The Summit County Medical Examiner’s Office confirmed Friday that Thomas, 91, died Wednesday at an Akron hospital.
Born in 1929, Thomas was a native of Waycross, Georgia, who was ordained as a Pentecostal minister. He founded the Christian Alliance Holiness Church in the late 1960s, establishing congregations in Ohio, Texas and Florida and later publishing a book of doctrine outlining the church’s control of its members.
“He had a lot of charisma,” a former congregant told the Akron Beacon Journal in the 1980s of Thomas, who declared himself bishop in 1979. “He was an eloquent speaker. He could make you believe. He was also an excellent musician. The children particularly loved the music and the singing.”
Congregants were expected to give generously to the church and ask permission to make personal purchases. They were not allowed to associate with former members, even relatives.
The doctrine insisted on “the discontinuance of all romantic, social and spiritual ties and links between Christian Alliance members and non-Christian Alliance people, with the rare exception of those expressly approved for special monitoring …”
Another passage said that members’ resources, property and assets were “subject to the discretions of the bishop. … Any person … seeking to subvert this cause … will be exposed and dealt with as an enemy of the church.”
Former members alleged that they were beaten with baseball bats and belts, sometimes at the hands of their own relatives, if they left the church.
One Akron accuser alleged that when she was a teenager in 1979, the bishop ordered her to perform sex acts with him and other congregants. Accused of yelling at a church member, the girl said she was ordered to strip naked and then was beaten by several female congregants.
A man said he was beaten in 1980 for not disciplining his 10-year-old daughter when she did not speak to Bishop Thomas after being introduced to him. The man said he was ordered to take off his shirt and bend over. Other church members beat him until he bowed on his knees, he said.
An Akron couple said they were threatened with harm after they bought a dining room set and record player without permission from the bishop.
A girl alleged that she was stripped and beaten with a belt when she failed to say, ‘Yes, ma’am’ to some of the older women in the church.
“He gets them at a young age and turns them against their parents,” one former member said.
Thomas was convicted in July 1985 on 18 criminal counts and sentenced in December 1986 to 20 years at Riverfront State Prison in Camden, New Jersey. He could have been sentenced to 110 years. Nine other church members were convicted of felonies.

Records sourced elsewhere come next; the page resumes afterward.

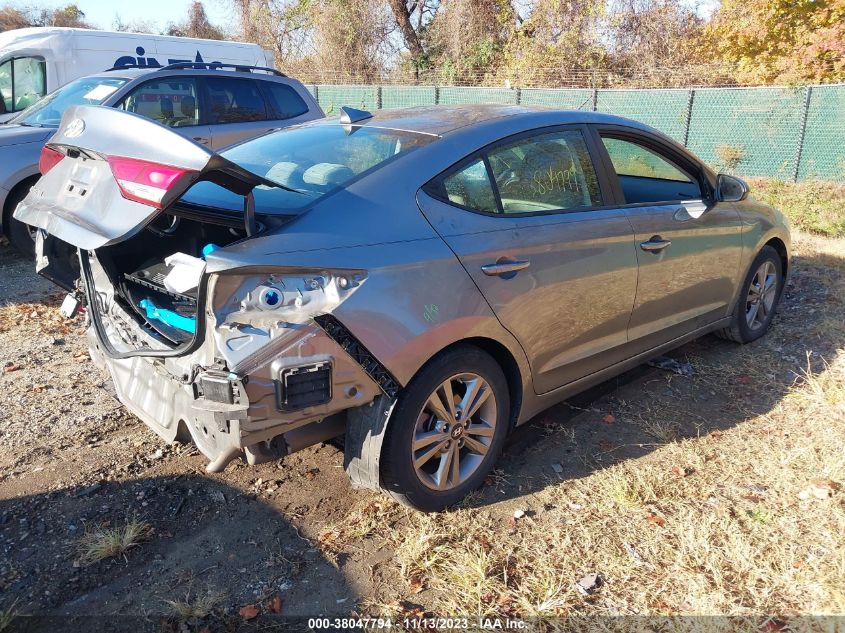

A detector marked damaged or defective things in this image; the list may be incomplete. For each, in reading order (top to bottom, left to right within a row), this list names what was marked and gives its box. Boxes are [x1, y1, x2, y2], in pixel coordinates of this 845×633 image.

damaged silver sedan [14, 102, 792, 508] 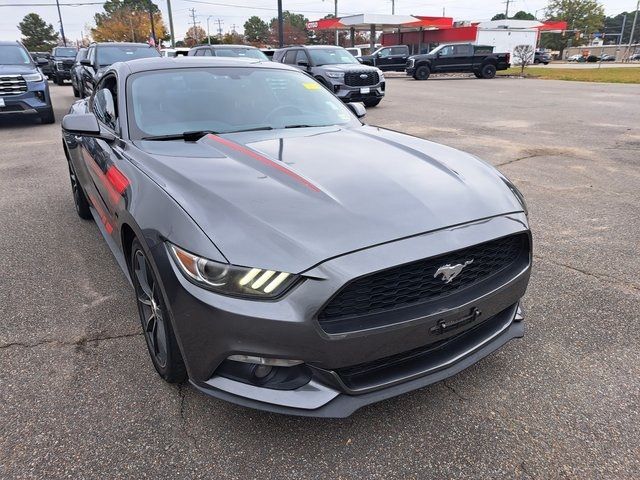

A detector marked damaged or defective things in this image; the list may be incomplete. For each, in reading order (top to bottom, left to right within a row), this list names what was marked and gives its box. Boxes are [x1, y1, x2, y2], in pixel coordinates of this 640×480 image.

crack in asphalt [536, 253, 640, 294]
crack in asphalt [0, 332, 141, 350]
crack in asphalt [442, 382, 468, 402] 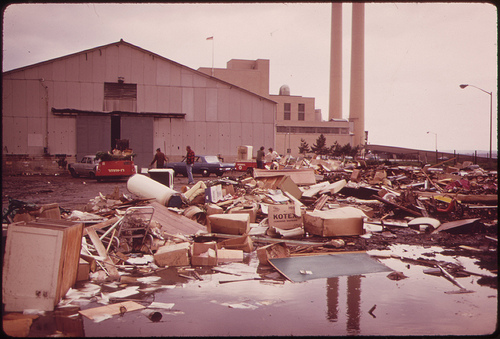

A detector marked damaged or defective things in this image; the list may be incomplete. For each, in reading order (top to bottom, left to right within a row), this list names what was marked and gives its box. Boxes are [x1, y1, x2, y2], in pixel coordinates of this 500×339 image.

broken wooden plank [86, 228, 120, 282]
broken wooden plank [77, 302, 145, 320] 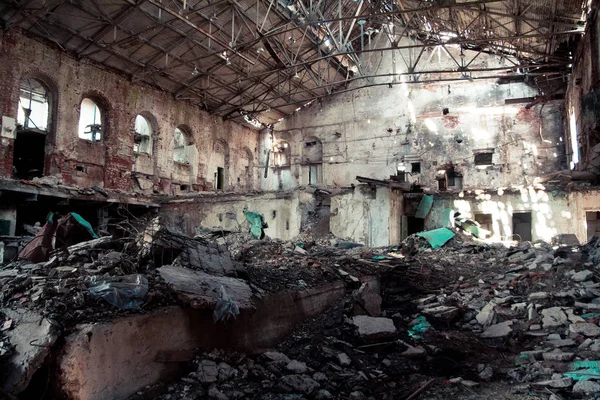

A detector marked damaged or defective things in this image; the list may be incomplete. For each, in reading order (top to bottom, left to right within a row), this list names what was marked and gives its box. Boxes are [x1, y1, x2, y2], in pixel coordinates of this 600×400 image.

broken window [17, 79, 48, 131]
broken window [78, 98, 102, 142]
broken window [134, 115, 152, 155]
broken window [173, 126, 190, 162]
broken concrete block [0, 308, 58, 392]
broken wall ledge [56, 276, 376, 400]
broken concrete block [354, 316, 396, 340]
broken concrete block [476, 304, 494, 328]
broken concrete block [480, 320, 512, 340]
broken concrete block [540, 306, 568, 328]
broken concrete block [568, 322, 600, 338]
broken concrete block [280, 376, 322, 394] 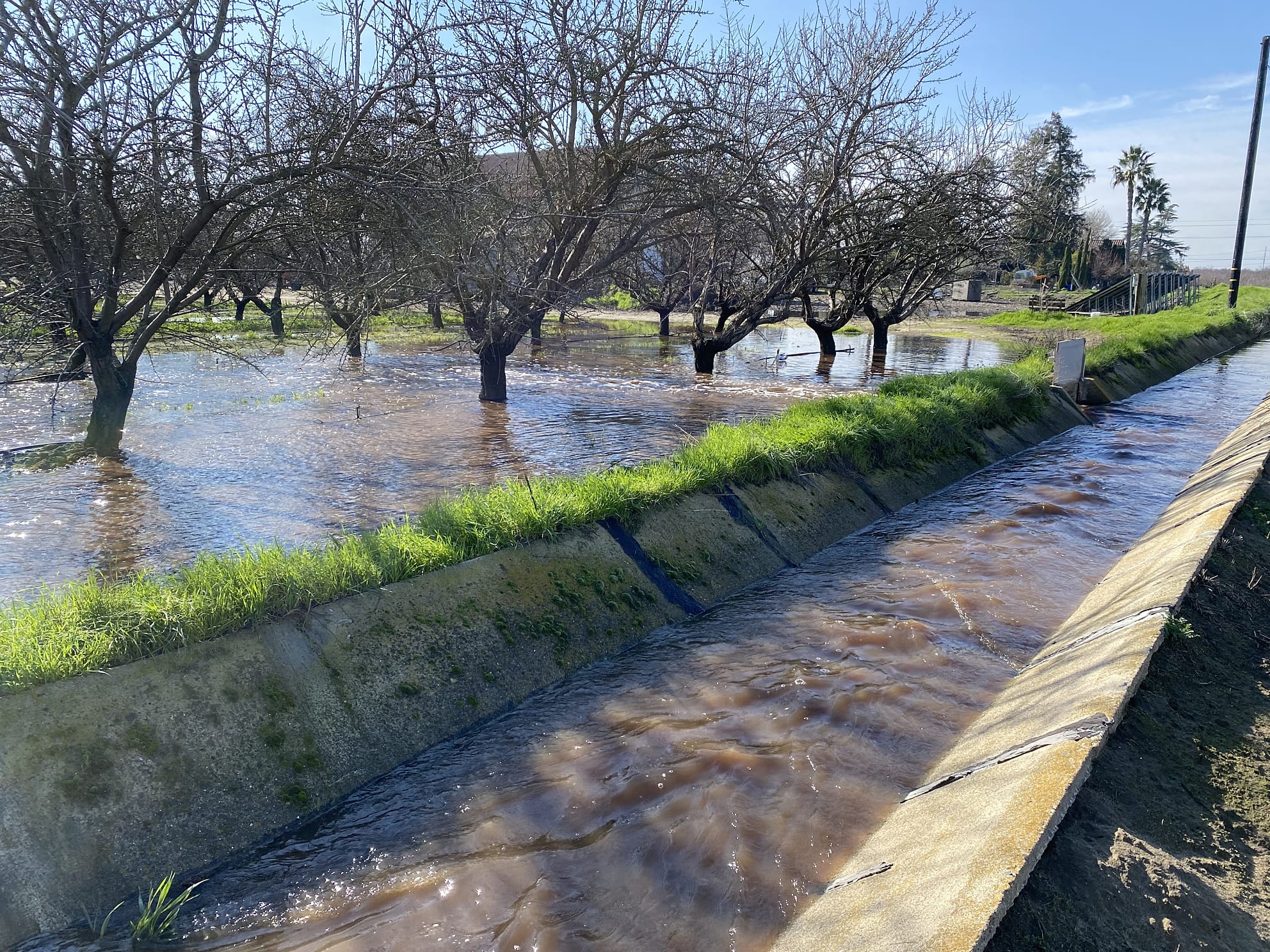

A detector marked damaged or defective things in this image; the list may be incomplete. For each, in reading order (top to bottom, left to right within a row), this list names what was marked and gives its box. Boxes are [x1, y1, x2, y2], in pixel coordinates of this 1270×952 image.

cracked concrete edge [767, 393, 1270, 952] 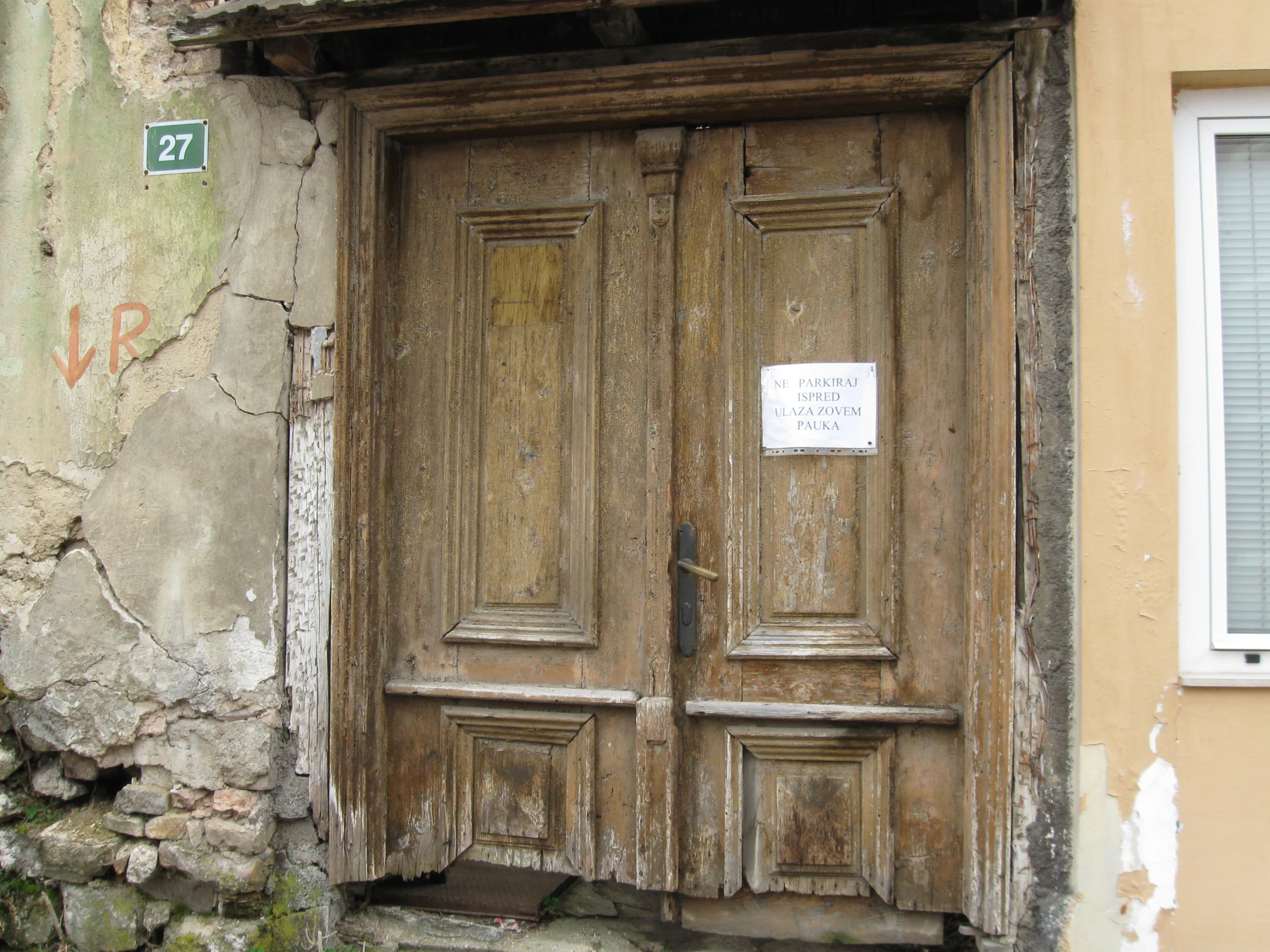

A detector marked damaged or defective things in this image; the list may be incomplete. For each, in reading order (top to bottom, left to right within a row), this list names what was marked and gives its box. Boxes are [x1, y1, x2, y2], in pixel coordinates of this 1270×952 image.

cracked plaster wall [0, 0, 335, 919]
peeling white paint on wood [284, 332, 332, 837] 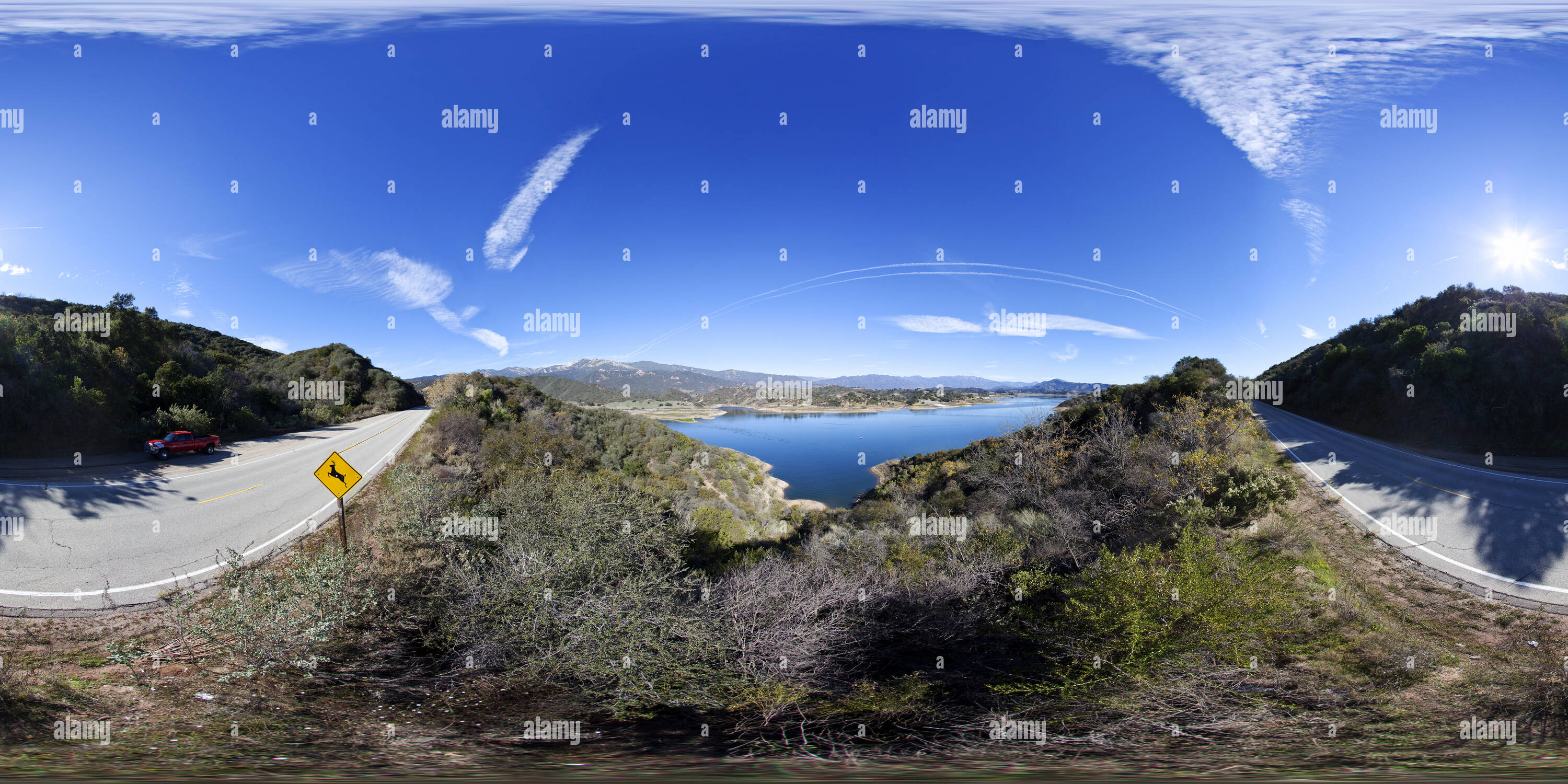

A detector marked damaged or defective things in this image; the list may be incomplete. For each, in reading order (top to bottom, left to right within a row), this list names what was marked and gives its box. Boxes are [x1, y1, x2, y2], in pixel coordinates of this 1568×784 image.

cracked asphalt [0, 408, 430, 615]
cracked asphalt [1254, 401, 1568, 608] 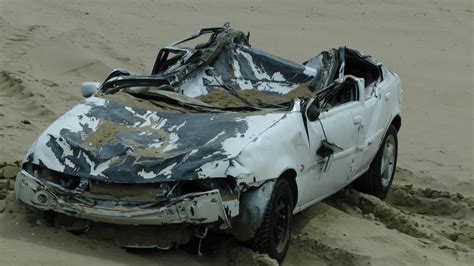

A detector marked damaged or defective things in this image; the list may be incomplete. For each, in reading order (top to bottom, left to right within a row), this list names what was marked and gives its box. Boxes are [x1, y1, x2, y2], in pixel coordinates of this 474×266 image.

dented hood [26, 97, 286, 183]
wrecked car [14, 23, 402, 262]
damaged front bumper [15, 170, 241, 229] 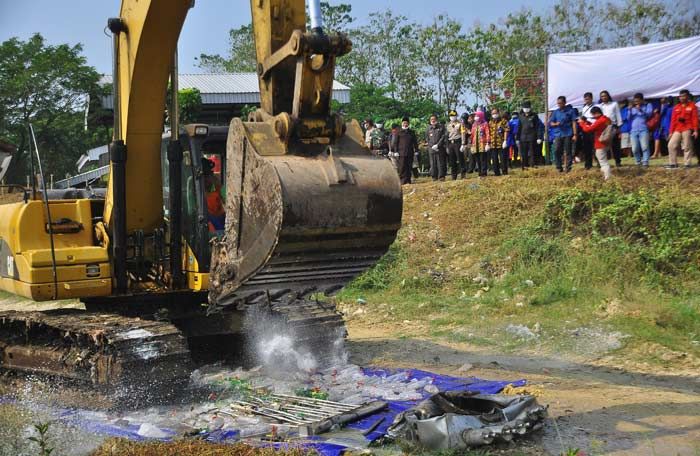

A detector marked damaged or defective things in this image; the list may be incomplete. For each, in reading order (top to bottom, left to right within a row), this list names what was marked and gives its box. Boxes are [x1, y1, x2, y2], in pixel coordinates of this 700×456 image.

crumpled metal sheet [388, 390, 548, 448] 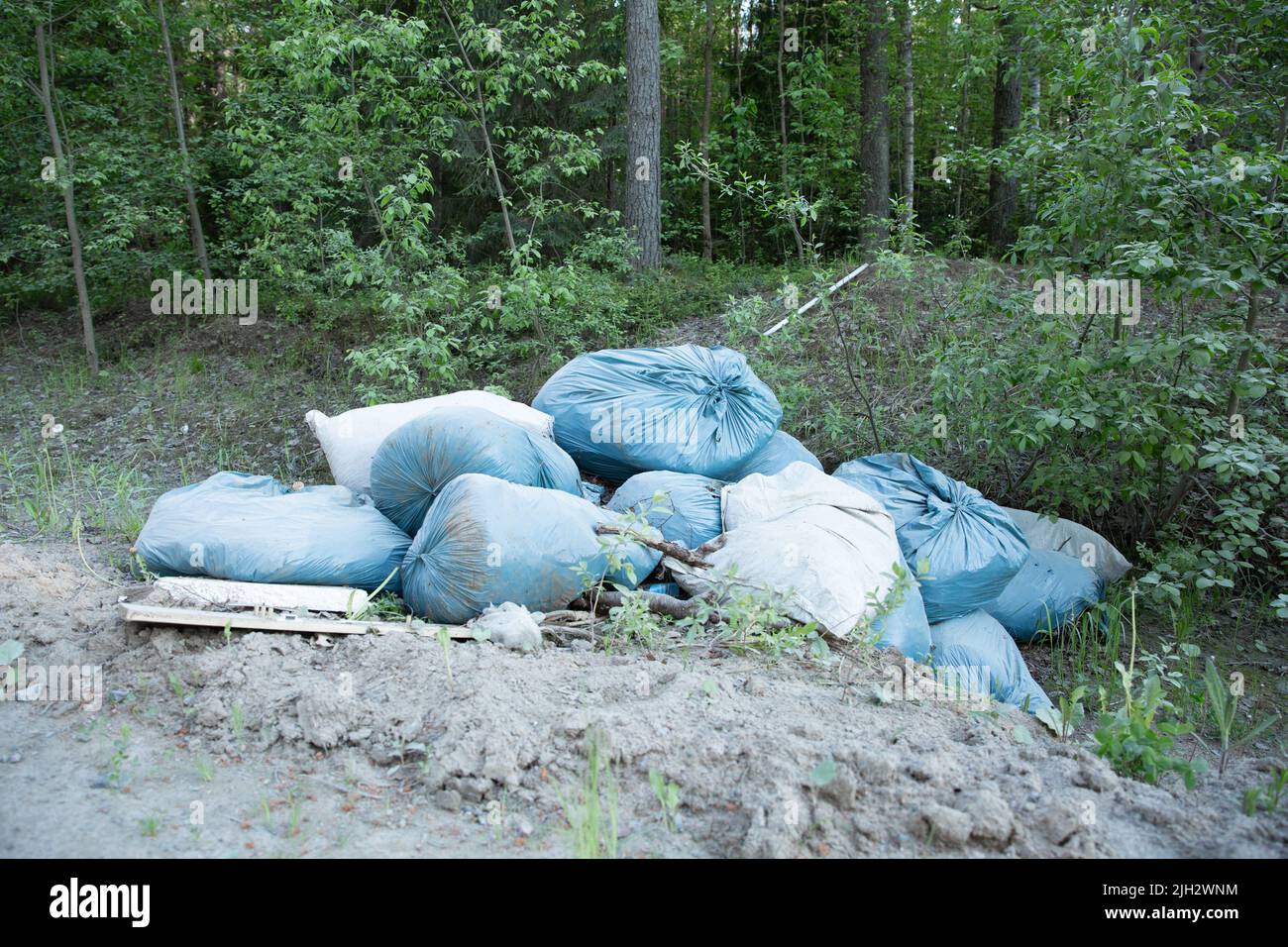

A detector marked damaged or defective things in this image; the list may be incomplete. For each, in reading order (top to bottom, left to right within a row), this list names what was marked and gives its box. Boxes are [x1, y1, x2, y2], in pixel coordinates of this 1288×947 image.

broken board [118, 602, 474, 641] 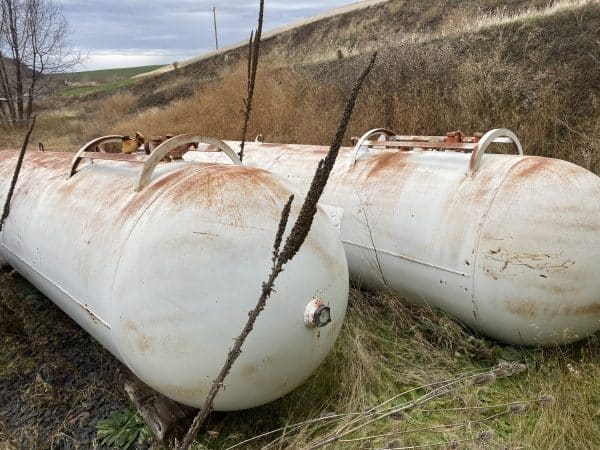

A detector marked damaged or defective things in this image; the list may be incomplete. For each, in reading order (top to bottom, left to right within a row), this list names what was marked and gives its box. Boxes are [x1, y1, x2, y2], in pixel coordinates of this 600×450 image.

After Thomas was convicted, his followers bought land in Ohio’s Jefferson County and built a communal compound.
Thomas, who also was known as Bishop Aha’al L’Bert, was denied parole in 1993 after authorities said he was still directing the lives of his followers in daily phone calls from prison. Police alleged Thomas had ordered underage followers to have sex with each other as he listened. Former church members said Thomas made as many as 50 collect phone calls daily from prison.
Thomas was 66 when he was released from prison in October 1997. He maintained a tight-knit following and the Ohio branch of his ministry remains active, a former member of his congregation told the Beacon Journal of the USA TODAY Network on the condition of anonymity.
He was married for 73 years to Bertha Thomas, also known as Gracienne L’Bert. She died Aug. 17, 2020, at age 90. The couple had seven children.